In a previous blog post (“Forge“) I drew an analogy between martial arts training and iron being shaped in a forge.
I recently participated in a conversation with a blacksmith who was talking with people watching him work at the state fair’s forge.
Someone asked, “Did you learn this from your father?”
“No,” replied the blacksmith, “I learned smithing on my own.”
My daughter asked, “Isn’t it dangerous to learn on your own?”
“Sure it is. I’ve been burned a lot,” answered the blacksmith, “so I learned quickly.”
My child was horrified, so I assured her, “If you respect the fire, that reduces the risk of getting hurt. But things still happen.”
The blacksmith added, “You have to really want to learn. See, I think this is fun – I get to play in the fire all day long. But yeah, it takes a lot of time to learn – a lot of dedication. It’s hard work.”
I didn’t have time to do more than meet his eyes and silently communicate that I understood before someone asked a technical question and the smith went into a long, detailed explanation. My daughter and I moved on to another part of the fair.

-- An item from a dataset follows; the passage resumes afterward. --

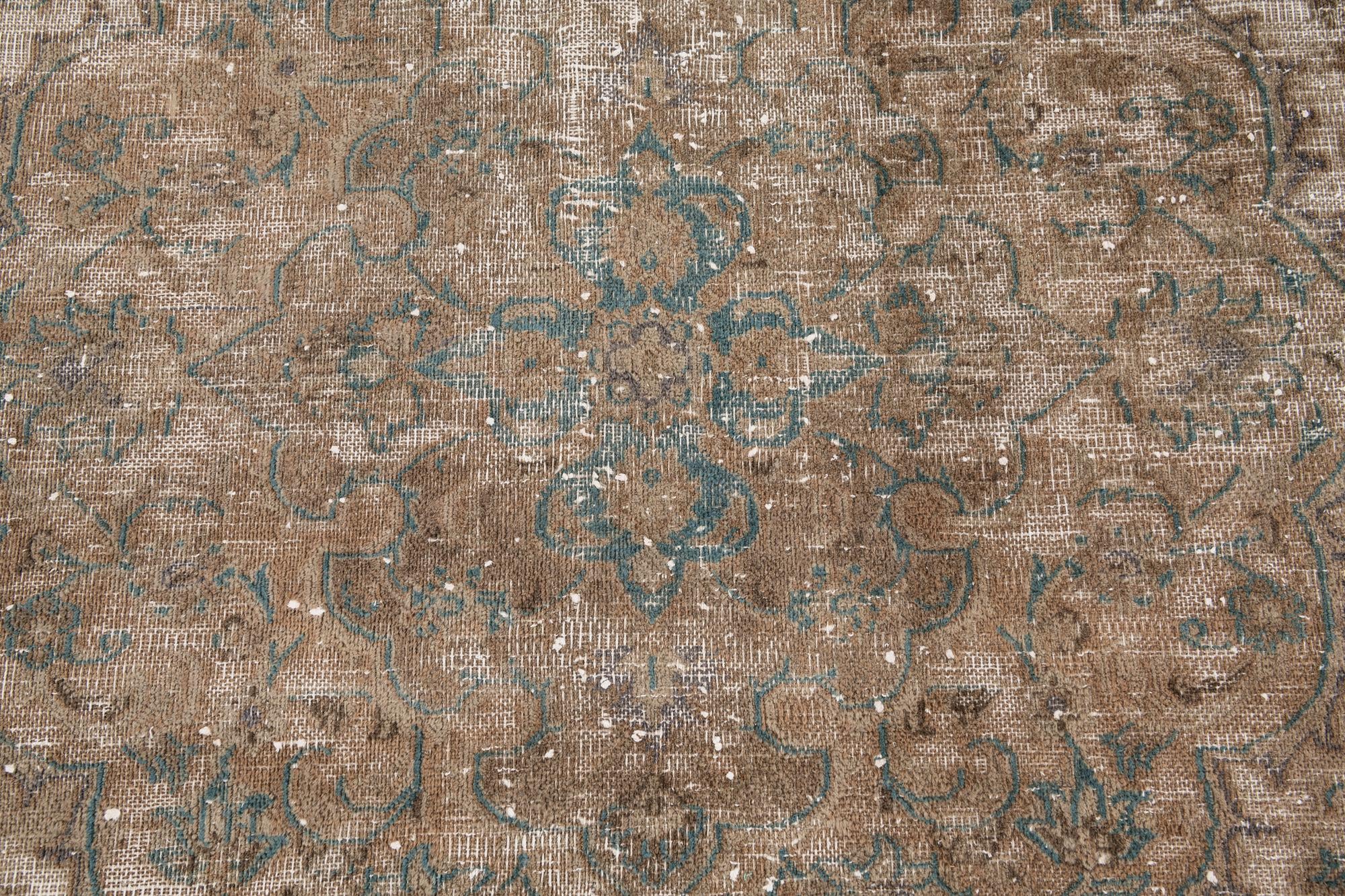 9' 5 x 11' 10 Hand Knotted Ultra Vintage Persian Wool Rug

What the blacksmith had to say resonated deep within me. Training is dangerous. We do get hurt sometimes, and yes, pain can teach us. And oh yes, we have to want to learn in order to reach higher and higher ranks. If we’re serious we’ll devote a lot of time and effort to learning. It helps a lot if we keep our sense of fun. I think this smith would understand us martial artists. We are passionate about what we do. We play with fire and we are shaped by it.